Dictionary definitions for hacker include:
- A person who uses computers to gain unauthorized access to data; informal: an enthusiastic and skillful computer programmer or user. (Oxford Dictionary)
- A person who is skilled in the use of computer systems, often one who illegally obtains access to private computer systems. (Cambridge Dictionary)
- An expert at programming and solving problems with a computer; a person who illegally gains access to and sometimes tampers with information in a computer system. (Merriam-Webster)
Each of these definitions reenforces negative connotations surrounding hacking by highlighting aspects such as “unauthorized” or “illegally obtained” access. However, the more generic descriptions, such as “skillful computer programmer”, better represent hackers as a whole.
The term hacker should be used as a neutral title that is built upon based on the intentions and behaviors of the hackers themselves. In the hacking world, these more descriptive titles are referred to as hats.
Not all heroes where capes, and not all hackers are villains. While the methods for hacking may be the same across the board, the motivations of hackers are what sets them apart. White hat hackers, also known as ethical hackers, use their computer skills for the good. These experts may work individually or as employees for specific companies. Their main goal is to identify vulnerabilities and security holes within computer systems in order prevent future exploitation. One example of this is known as penetration testing.
Some companies implement bug bounty programs or vulnerability disclosure programs which allow freelance white hat hackers to submit security flaws to developers and be compensated for their findings.
Black hat hackers, also known as unethical hackers, embody the stereotypical hacker image. These hackers are also the most common type to be mentioned in news cycles and other mainstream media such as tv shows and movies. These individuals infiltrate computer systems for their own agenda. Common malicious hacks include malware, ransomware, identity theft, and data theft – each of which are used for the cybercriminal’s personal, typically financial, gain.
Hats, like most things, aren’t always black and white.
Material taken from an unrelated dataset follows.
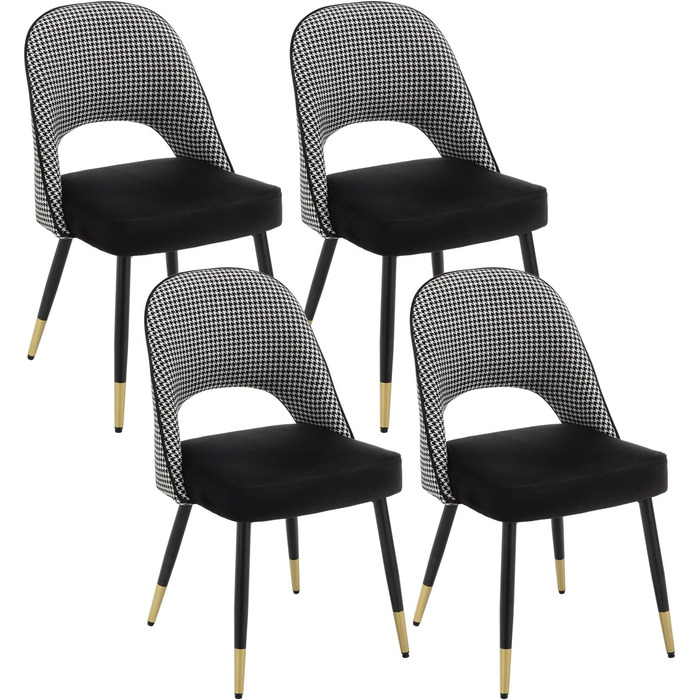 Набір з 2-х м'яких крісел з велюру для вітальні/кухні. Сучасний дизайн, без підлокітників, металеві ніжки. 2 шт. (Чорний)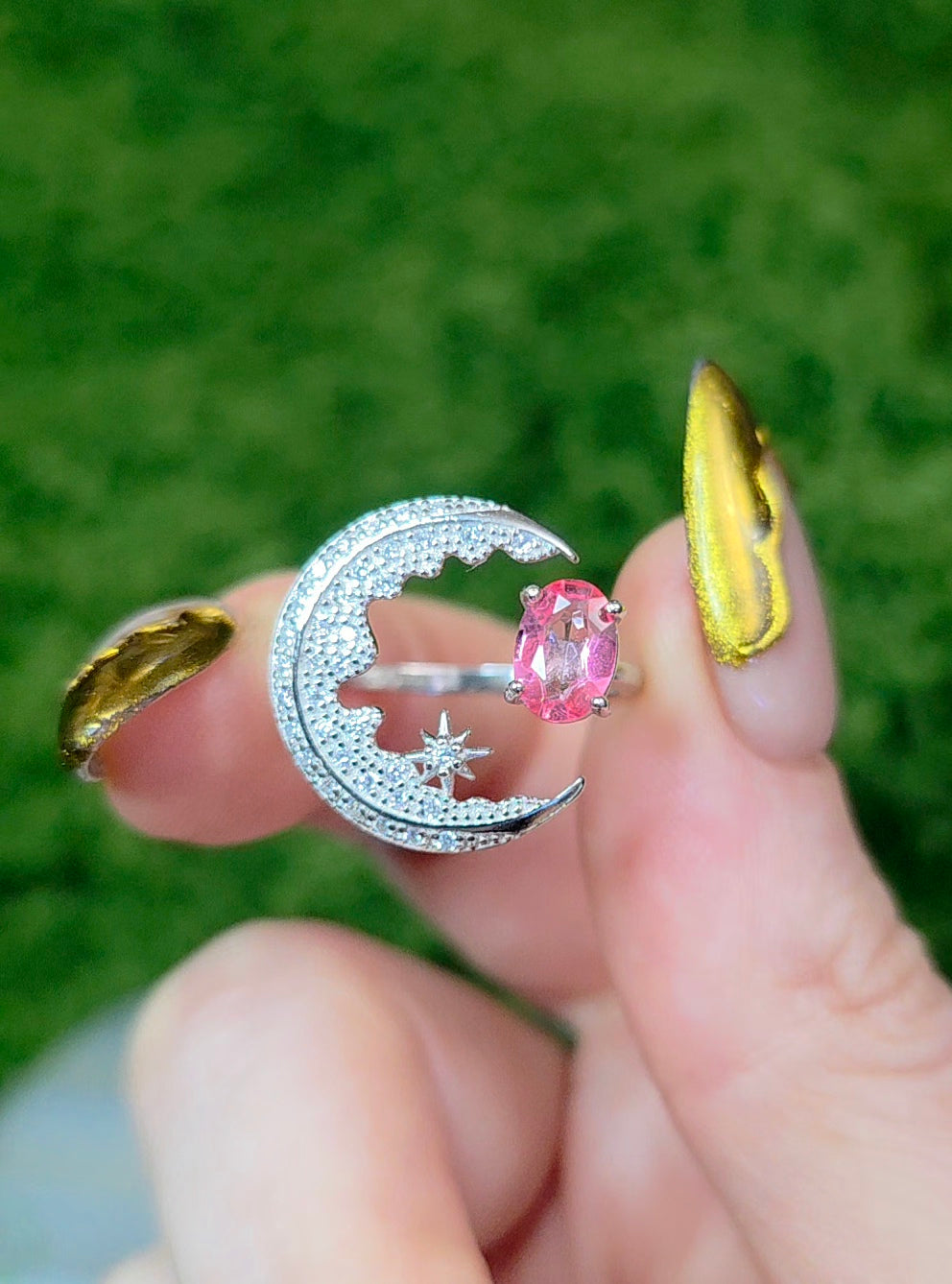 Pink Topaz Crescent Moon Ring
Some hackers fall into an ethical gray area and are referred to as – you guessed it – gray hat hackers. Gray Hats may not exploit weaknesses the way Black Hats do, but they also don’t have permission to be snooping around for security flaws either. In these cases, hackers gain what is considered illegal access to computer systems, but subsequently disclose the insecurity to the appropriate party so it can be fixed.
As you can see, hackers aren’t always as evil as mainstream media makes them out to be. Though they aren’t given the same level of attention, some hackers are doing a public service by helping companies identify and resolve vulnerabilities that would otherwise threaten the security of both business and user information.